## DATASET:
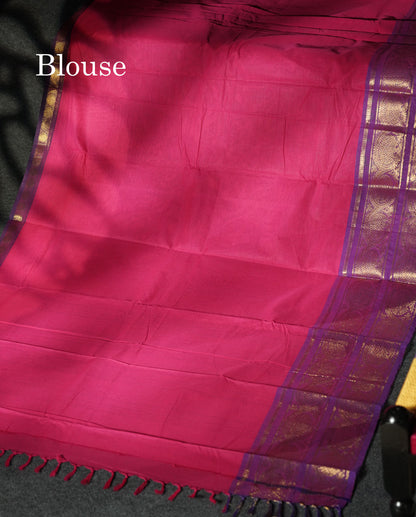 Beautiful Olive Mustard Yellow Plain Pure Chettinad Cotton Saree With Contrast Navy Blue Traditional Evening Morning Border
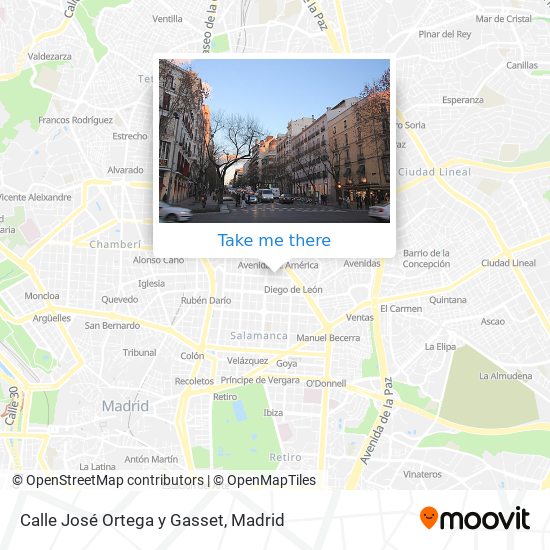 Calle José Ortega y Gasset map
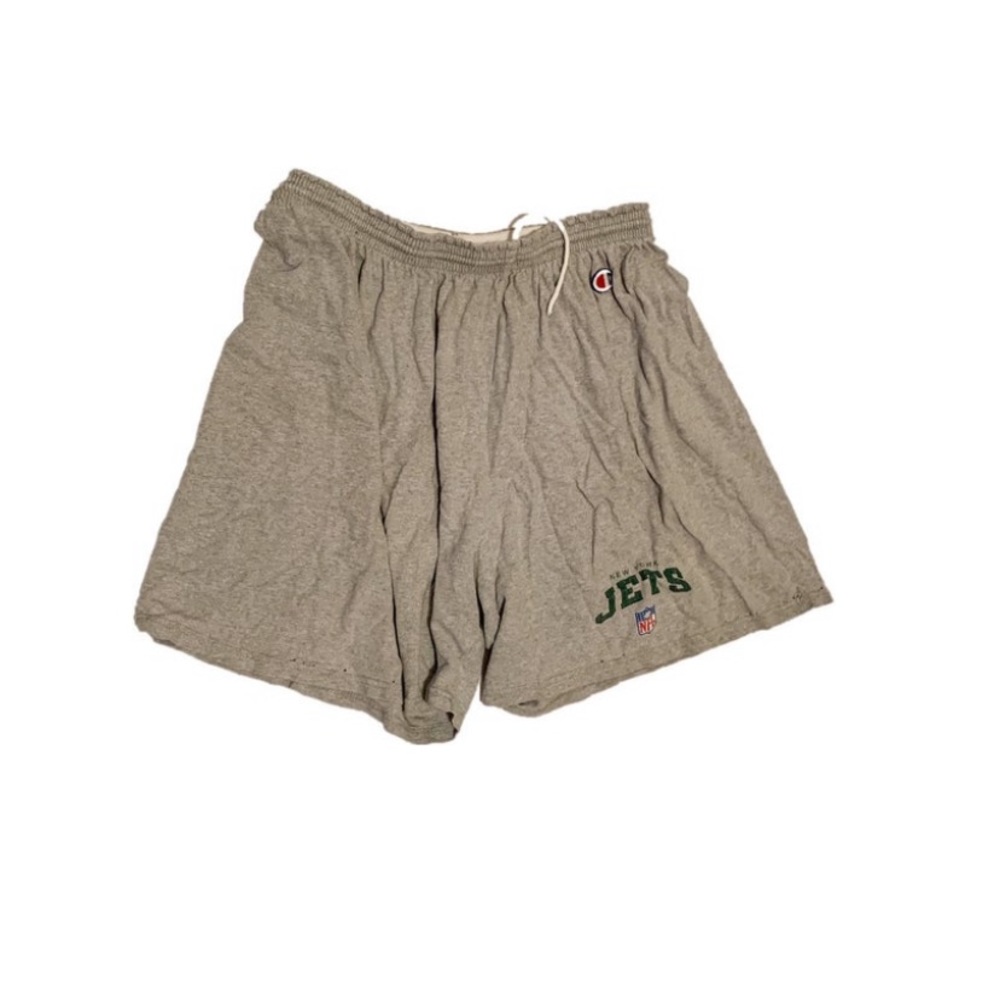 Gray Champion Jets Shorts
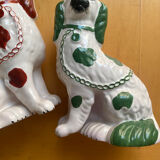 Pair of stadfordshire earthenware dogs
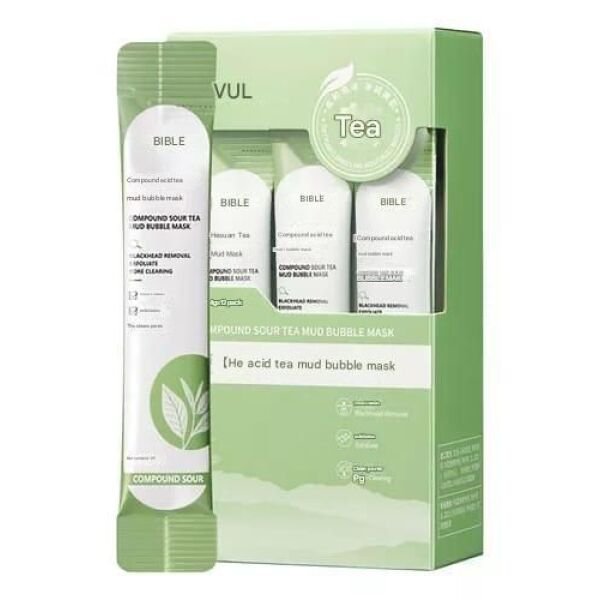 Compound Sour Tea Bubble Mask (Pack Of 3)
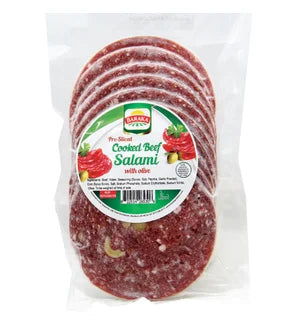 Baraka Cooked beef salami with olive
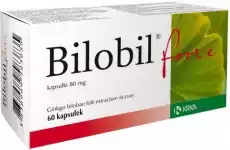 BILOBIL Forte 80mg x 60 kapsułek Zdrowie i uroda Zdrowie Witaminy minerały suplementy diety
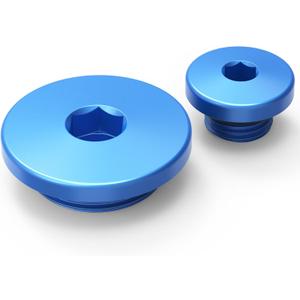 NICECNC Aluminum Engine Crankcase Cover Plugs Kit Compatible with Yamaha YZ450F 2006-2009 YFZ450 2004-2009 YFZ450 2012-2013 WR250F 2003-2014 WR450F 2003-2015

--

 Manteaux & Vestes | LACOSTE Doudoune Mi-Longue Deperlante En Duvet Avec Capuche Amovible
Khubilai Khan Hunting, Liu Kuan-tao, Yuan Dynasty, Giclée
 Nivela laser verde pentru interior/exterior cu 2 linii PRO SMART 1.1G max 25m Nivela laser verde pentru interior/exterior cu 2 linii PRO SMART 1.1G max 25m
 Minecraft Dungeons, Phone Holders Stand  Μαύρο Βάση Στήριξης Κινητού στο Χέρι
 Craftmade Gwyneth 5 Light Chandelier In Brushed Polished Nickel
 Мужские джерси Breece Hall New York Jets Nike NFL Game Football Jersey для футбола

## WHAT IS BEING ASKED:
The copy should hold only the lines from the one with "Gray Champion Jets Shorts" through the one with "NICECNC Aluminum Engine", exactly as they stand above. Leave out the pictures.

## SOLUTION TO THE EXERCISE:
 Gray Champion Jets Shorts
 Pair of stadfordshire earthenware dogs
 Compound Sour Tea Bubble Mask (Pack Of 3)
 Baraka Cooked beef salami with olive
 BILOBIL Forte 80mg x 60 kapsułek Zdrowie i uroda Zdrowie Witaminy minerały suplementy diety
 NICECNC Aluminum Engine Crankcase Cover Plugs Kit Compatible with Yamaha YZ450F 2006-2009 YFZ450 2004-2009 YFZ450 2012-2013 WR250F 2003-2014 WR450F 2003-2015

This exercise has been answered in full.